Spatial Performance Analysis of Satellite Images using Causeways

A conventional method to evaluate the spatial performance of a small pixel satellite image uses a high contrast edge target. Because the largest manageable cal/val site is about 50 meter in length along the edge, the GSD of the applicable satellite image is about 2-meter or less in case of a desirable edge orientation relative to satellite orbit path. Thus, to overcome the lack of cal/val grade edge target for a larger GSD image, an alternative method is to utilize large farmland with an interface by two different crop types or different cultivation conditions. However, it is very hard to find a farmland target that satisfies the requirement, which is the two large homogenous areas with high contrast along a perfect straight line interface. Also, the lack of controls on the crop growth stage and cultivation condition calls for other techniques.

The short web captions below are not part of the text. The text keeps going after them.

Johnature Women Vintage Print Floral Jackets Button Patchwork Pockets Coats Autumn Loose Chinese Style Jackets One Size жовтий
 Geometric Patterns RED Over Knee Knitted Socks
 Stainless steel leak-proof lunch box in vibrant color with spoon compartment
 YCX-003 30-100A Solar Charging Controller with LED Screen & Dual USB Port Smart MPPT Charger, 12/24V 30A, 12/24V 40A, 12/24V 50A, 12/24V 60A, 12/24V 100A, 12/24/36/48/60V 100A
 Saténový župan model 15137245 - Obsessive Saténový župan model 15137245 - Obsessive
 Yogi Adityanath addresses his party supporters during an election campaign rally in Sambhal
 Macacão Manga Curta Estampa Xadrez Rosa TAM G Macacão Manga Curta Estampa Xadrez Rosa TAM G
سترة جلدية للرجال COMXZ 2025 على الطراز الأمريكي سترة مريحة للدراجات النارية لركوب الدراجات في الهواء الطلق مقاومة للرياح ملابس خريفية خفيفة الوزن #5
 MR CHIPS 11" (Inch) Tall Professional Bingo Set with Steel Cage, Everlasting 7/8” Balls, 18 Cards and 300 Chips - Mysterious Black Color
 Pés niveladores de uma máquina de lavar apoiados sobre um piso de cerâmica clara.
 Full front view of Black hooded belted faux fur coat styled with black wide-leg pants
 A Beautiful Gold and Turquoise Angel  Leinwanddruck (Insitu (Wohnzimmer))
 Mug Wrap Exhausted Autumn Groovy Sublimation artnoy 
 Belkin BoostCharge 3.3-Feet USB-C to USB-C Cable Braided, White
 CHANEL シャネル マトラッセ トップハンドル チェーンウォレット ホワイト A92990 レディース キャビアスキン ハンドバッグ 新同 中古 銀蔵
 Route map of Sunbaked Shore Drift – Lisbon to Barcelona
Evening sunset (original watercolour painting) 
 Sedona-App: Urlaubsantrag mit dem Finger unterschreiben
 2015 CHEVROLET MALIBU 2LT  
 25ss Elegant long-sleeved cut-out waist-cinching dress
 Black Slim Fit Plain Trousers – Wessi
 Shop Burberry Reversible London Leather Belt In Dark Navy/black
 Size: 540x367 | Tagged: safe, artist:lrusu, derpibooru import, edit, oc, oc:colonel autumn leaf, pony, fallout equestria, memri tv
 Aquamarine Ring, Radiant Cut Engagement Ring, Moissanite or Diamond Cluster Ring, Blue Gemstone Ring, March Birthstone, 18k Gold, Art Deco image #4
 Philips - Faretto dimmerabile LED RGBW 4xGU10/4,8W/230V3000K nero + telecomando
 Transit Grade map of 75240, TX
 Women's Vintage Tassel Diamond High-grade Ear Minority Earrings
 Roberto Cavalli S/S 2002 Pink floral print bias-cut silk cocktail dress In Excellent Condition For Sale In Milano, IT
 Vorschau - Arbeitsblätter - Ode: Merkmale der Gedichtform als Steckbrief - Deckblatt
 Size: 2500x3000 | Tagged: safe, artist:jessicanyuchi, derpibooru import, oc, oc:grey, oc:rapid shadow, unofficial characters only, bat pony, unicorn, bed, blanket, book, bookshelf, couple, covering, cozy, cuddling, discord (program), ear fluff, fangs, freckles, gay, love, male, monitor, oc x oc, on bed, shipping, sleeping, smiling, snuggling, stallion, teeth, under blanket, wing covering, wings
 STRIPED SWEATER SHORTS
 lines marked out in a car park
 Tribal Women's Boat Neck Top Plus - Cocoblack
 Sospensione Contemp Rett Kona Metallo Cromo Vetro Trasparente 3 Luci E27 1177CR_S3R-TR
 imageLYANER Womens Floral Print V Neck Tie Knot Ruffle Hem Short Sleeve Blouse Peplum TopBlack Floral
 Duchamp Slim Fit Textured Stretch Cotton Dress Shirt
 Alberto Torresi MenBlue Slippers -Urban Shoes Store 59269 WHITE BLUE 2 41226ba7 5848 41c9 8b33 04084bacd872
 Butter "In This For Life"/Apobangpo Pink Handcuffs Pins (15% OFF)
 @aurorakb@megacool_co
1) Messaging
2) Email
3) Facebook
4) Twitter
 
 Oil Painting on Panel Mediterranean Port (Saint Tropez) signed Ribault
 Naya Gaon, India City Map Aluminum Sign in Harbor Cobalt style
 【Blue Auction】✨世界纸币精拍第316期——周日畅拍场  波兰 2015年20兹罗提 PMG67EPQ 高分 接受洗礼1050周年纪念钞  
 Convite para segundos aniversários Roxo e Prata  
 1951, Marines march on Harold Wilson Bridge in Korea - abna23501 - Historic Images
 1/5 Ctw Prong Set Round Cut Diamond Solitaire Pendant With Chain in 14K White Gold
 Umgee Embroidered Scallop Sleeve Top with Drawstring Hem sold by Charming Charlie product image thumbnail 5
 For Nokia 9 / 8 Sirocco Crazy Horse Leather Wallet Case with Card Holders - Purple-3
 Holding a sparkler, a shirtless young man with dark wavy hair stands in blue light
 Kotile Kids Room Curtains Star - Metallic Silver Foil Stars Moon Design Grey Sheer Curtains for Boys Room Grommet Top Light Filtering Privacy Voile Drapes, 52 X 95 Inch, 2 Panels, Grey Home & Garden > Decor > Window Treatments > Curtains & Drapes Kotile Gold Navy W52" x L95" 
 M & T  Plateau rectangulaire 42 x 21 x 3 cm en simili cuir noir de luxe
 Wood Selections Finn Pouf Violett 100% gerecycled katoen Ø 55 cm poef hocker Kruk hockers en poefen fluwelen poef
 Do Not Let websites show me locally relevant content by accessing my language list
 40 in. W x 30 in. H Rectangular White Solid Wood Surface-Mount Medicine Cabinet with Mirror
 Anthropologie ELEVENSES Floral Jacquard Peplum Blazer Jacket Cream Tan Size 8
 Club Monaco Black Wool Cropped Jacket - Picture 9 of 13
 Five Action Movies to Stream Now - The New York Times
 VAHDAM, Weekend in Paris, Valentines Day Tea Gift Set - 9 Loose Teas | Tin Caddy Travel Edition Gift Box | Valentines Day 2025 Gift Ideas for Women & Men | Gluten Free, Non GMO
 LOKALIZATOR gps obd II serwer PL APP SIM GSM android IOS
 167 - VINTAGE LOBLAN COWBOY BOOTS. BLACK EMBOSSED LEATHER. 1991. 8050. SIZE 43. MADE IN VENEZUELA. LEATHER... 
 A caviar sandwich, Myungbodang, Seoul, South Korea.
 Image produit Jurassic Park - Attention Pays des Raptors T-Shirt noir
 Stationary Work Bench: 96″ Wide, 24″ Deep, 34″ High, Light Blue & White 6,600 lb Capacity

We present a method to evaluate the spatial performance of a satellite image with moderately large GSD (roughly a few meters to thirty or so meters) using a bridge-like features over optically deep water background. The technique begins with an analog bridge modeling using several parameters. The minimum required parameters for analog modeling are the angle of the bridge orientation relative to the satellite orbit and the width of the bridge. In case of a twin bridge, the length of a gap between two bridges is also critical. The different width between the two individual bridge of the twin bridge are also allowed in the analog modeling. The arbitrary traffic condition on the bridge is assumed as a random radiometric variable. The next step is the discrete sampling of the analog bridge model using the GSD and the PSF (impulse response function) of the sensor in the satellite orbit coordinate. Then, the discrete sampled image in the satellite coordinate is resampled to the image in the map projected coordinate, which is the final image provided to the public. The method to determine the FWHM of the Gaussian PSF is to use an optimization that iteratively changes the FWHM until the difference between the projected image of a given FWHM and the bridge image segment of the satellite image is minimized. The FWHM of the PSF of a sensor is determined from multiple bridges of varying physical dimensions and orientations. We present the spatial analysis result for Landsat OLI, Sentinel-2 MSI, and the EnMAP sensors.